# WHAT THE TASK ASKS
No line before the one holding "Bright purple jacket on sale" is to be copied; that line and all after it, through the end of the listing, are returned exactly, minus pictures.

# RECORDS FOR THIS EXERCISE
☆ ☆ ☆
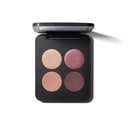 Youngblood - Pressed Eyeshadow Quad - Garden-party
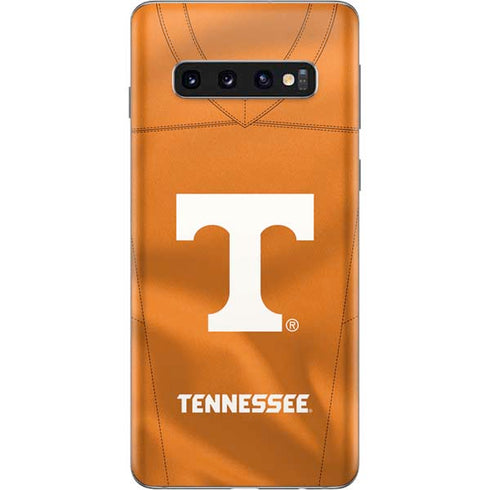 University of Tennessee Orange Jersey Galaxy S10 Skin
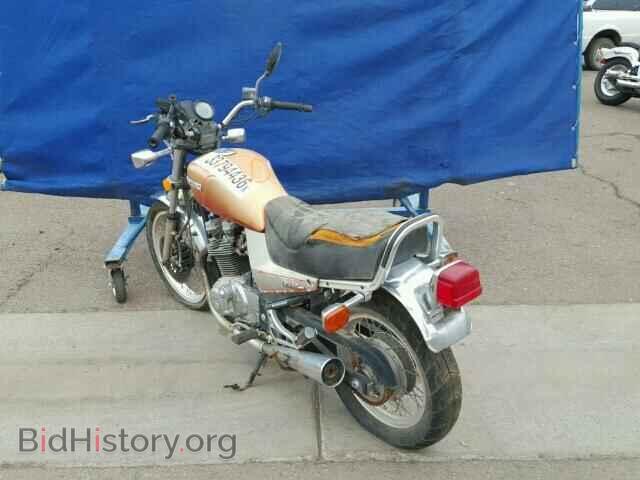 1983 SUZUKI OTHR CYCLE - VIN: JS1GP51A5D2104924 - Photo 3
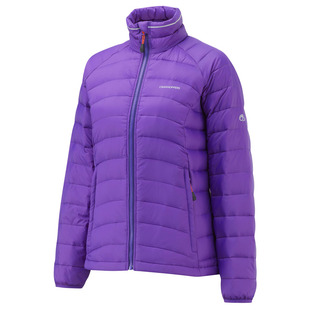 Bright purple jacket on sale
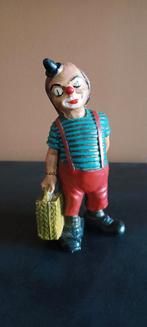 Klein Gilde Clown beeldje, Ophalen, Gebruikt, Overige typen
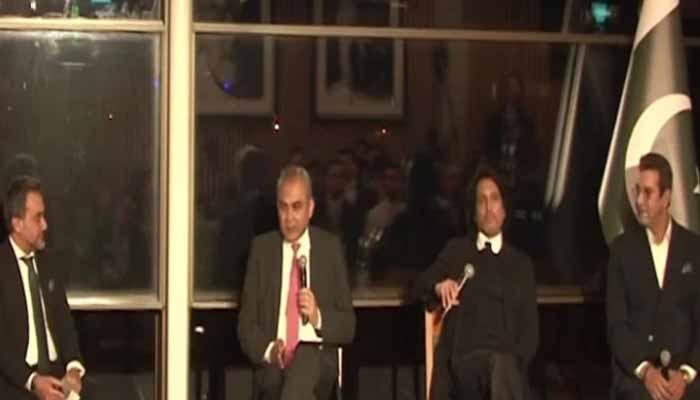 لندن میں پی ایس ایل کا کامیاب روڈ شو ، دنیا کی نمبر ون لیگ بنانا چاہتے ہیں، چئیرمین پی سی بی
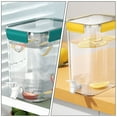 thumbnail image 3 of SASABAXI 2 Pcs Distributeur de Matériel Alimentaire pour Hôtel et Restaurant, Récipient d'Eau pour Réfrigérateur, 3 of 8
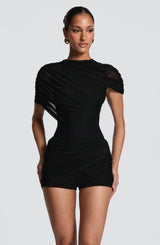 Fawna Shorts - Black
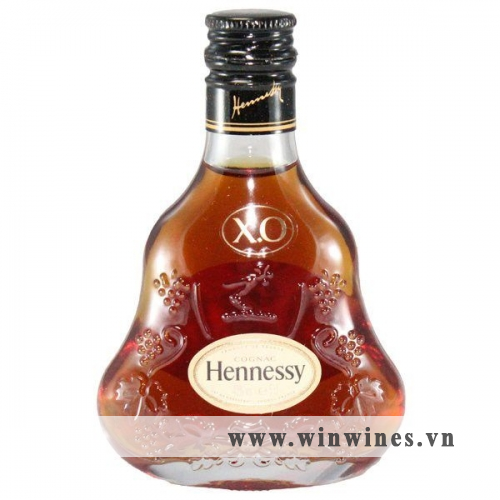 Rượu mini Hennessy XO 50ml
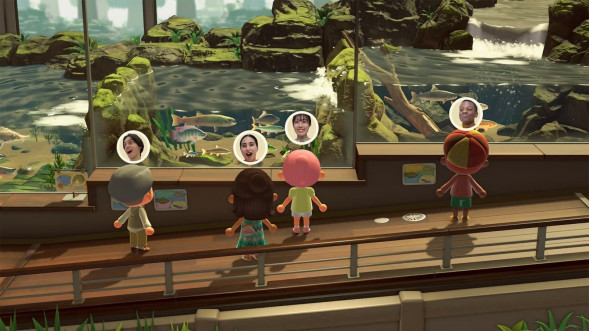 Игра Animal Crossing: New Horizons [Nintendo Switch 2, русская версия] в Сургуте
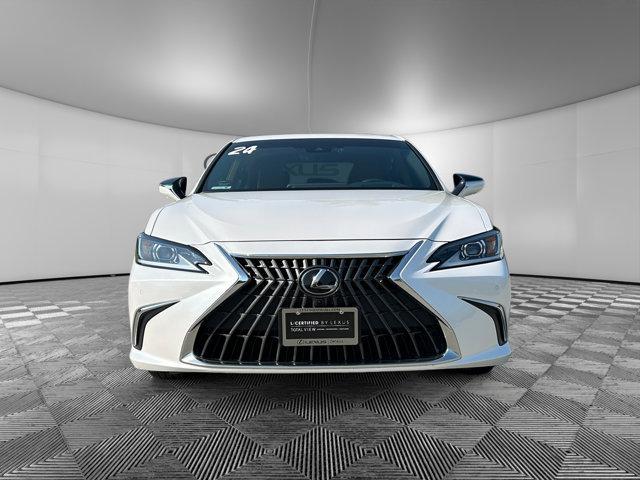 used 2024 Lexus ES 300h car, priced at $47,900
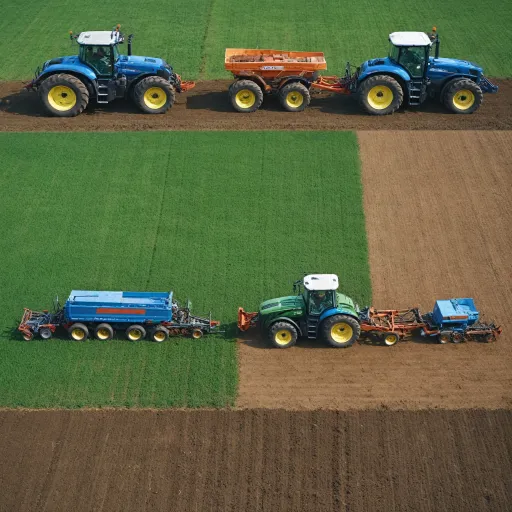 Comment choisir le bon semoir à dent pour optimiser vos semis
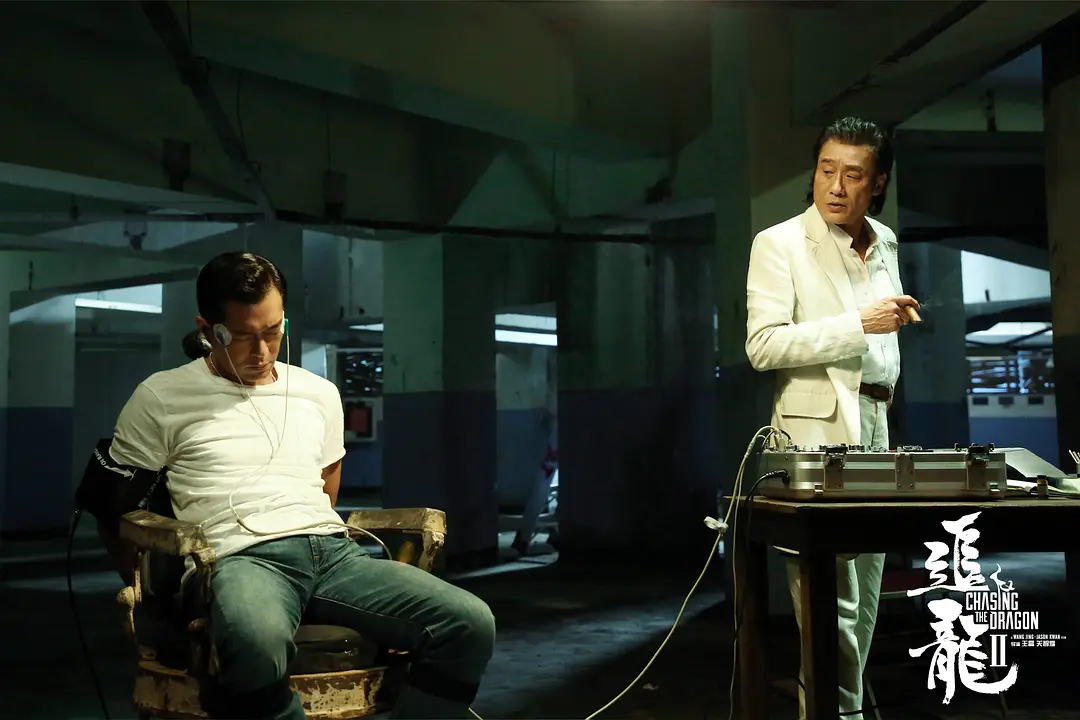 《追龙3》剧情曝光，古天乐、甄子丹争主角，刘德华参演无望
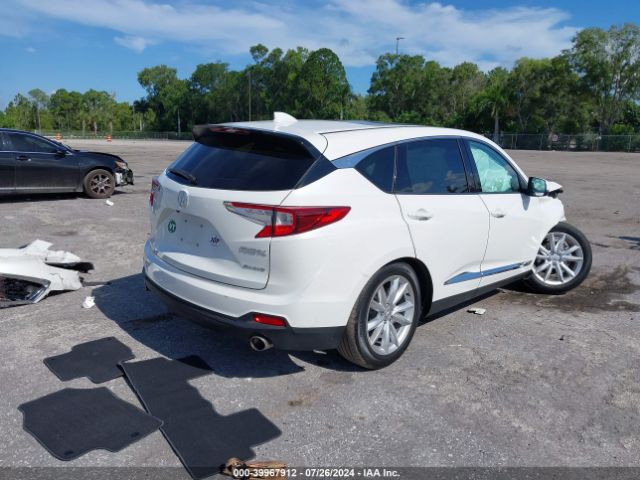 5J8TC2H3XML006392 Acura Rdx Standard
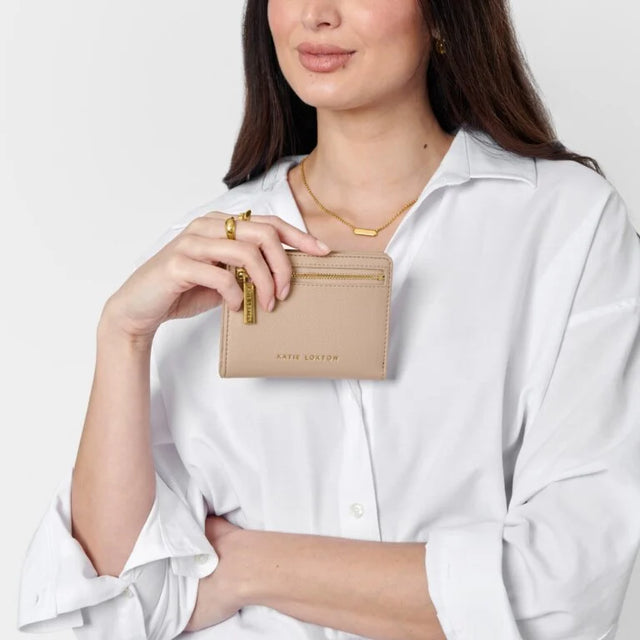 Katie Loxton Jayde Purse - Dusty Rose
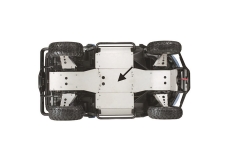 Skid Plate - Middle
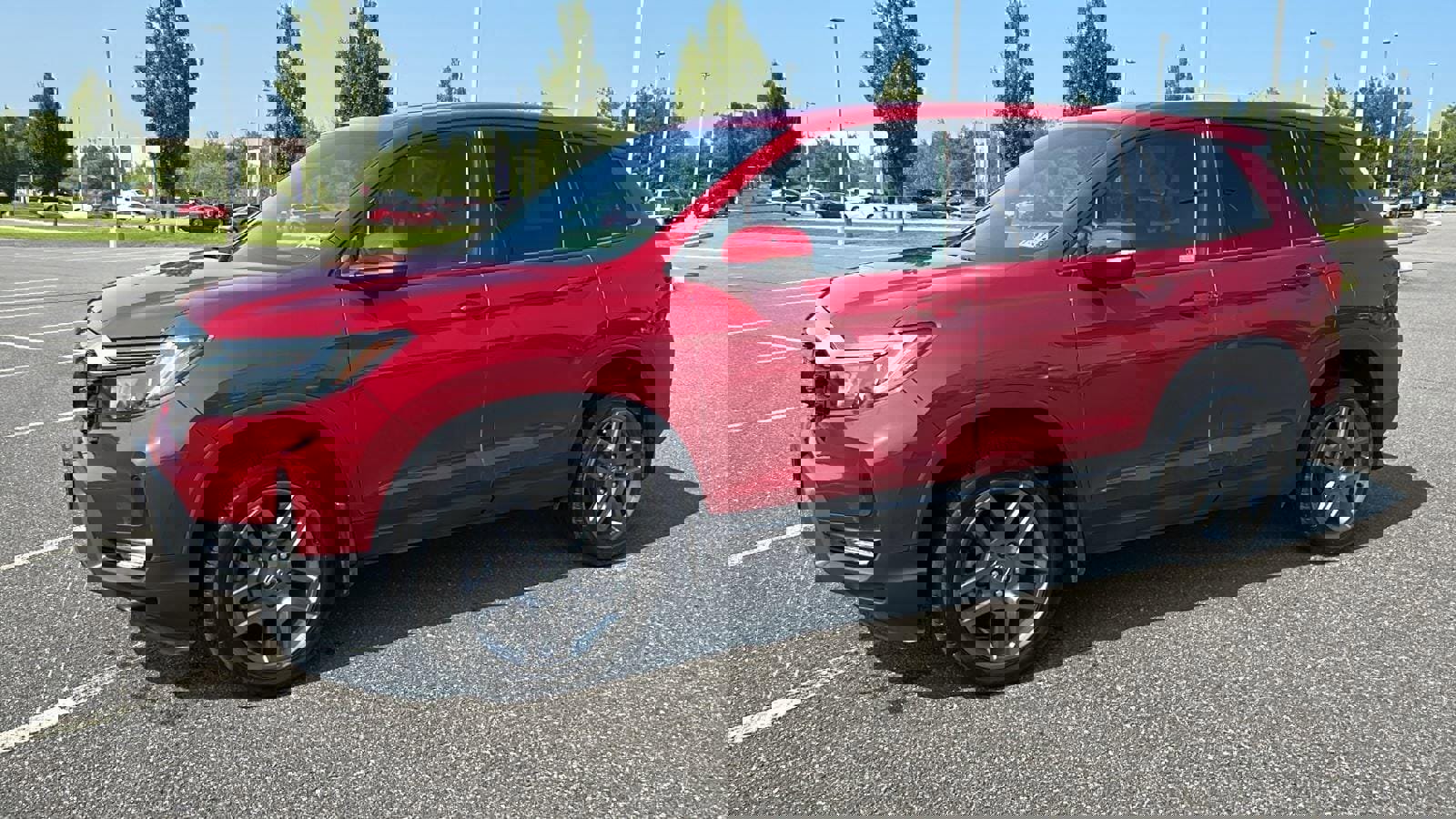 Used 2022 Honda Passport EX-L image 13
☆ ☆ ☆
# YOUR SOLUTION
 Bright purple jacket on sale
 Klein Gilde Clown beeldje, Ophalen, Gebruikt, Overige typen
 لندن میں پی ایس ایل کا کامیاب روڈ شو ، دنیا کی نمبر ون لیگ بنانا چاہتے ہیں، چئیرمین پی سی بی
 thumbnail image 3 of SASABAXI 2 Pcs Distributeur de Matériel Alimentaire pour Hôtel et Restaurant, Récipient d'Eau pour Réfrigérateur, 3 of 8
 Fawna Shorts - Black
 Rượu mini Hennessy XO 50ml
 Игра Animal Crossing: New Horizons [Nintendo Switch 2, русская версия] в Сургуте
 used 2024 Lexus ES 300h car, priced at $47,900
 Comment choisir le bon semoir à dent pour optimiser vos semis
 《追龙3》剧情曝光，古天乐、甄子丹争主角，刘德华参演无望
 5J8TC2H3XML006392 Acura Rdx Standard
 Katie Loxton Jayde Purse - Dusty Rose
 Skid Plate - Middle
 Used 2022 Honda Passport EX-L image 13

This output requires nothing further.